Your assignment → Exact transcription of the data below is required, without the images.

== Segment start ==

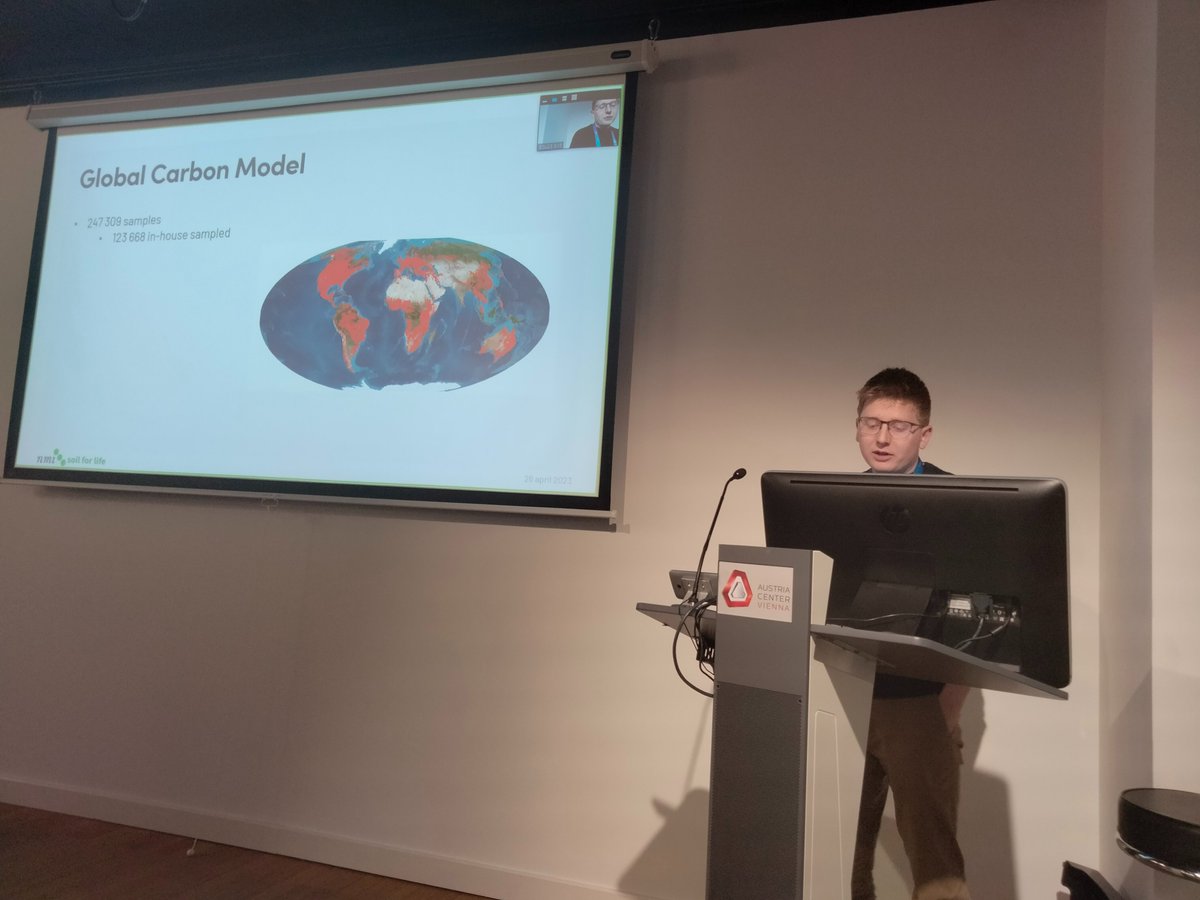 We´re at #EGU23! Thrilled to exchange with leading geoscientists and work on sustainable soils, carbon farming and soil modelling. Curious? Sven presented on our paper on enabling carbon farming: link.springer.com/article/10.100… #soils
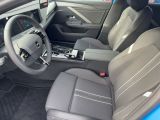 Opel Astra bei Reisemobile.expert - Abbildung (9 / 15) Opel Astra bei Reisemobile.expert - Abbildung (9 / 15)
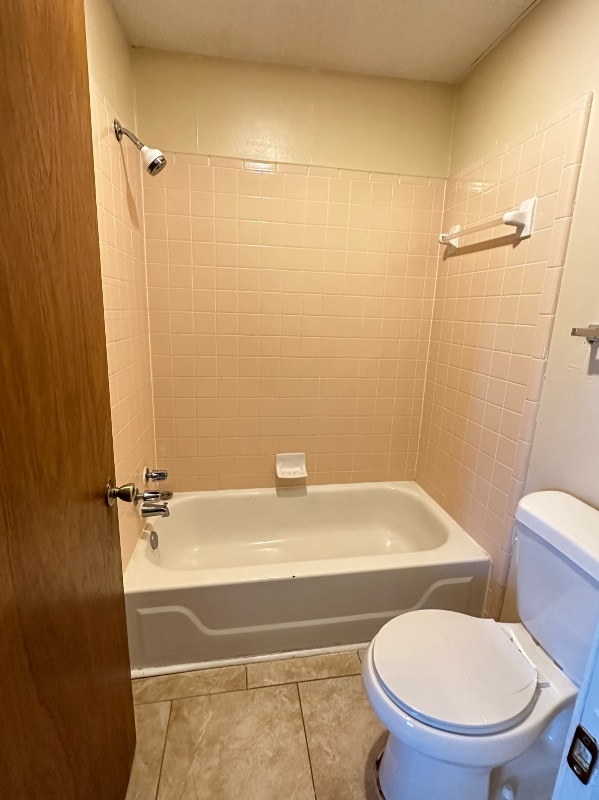 Building Photo - 155 Marilyn Dr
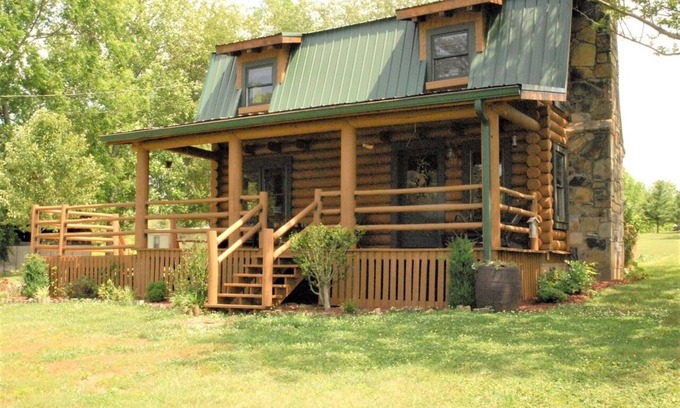 Maryville Cabin | Entire Cabin 15 mins to The Great Smoky Mountains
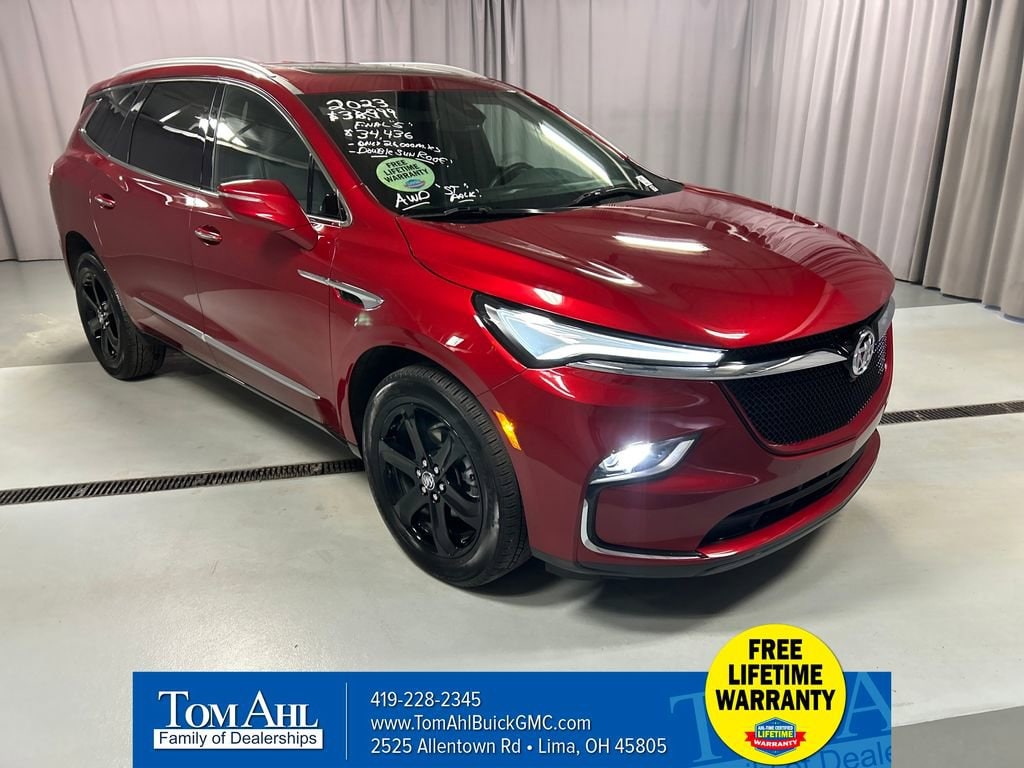 2023 Buick Enclave Essence's photo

== Segment end ==

Solved exercise →
 We´re at #EGU23! Thrilled to exchange with leading geoscientists and work on sustainable soils, carbon farming and soil modelling. Curious? Sven presented on our paper on enabling carbon farming: link.springer.com/article/10.100… #soils
 Opel Astra bei Reisemobile.expert - Abbildung (9 / 15) Opel Astra bei Reisemobile.expert - Abbildung (9 / 15)
 Building Photo - 155 Marilyn Dr
 Maryville Cabin | Entire Cabin 15 mins to The Great Smoky Mountains
 2023 Buick Enclave Essence's photo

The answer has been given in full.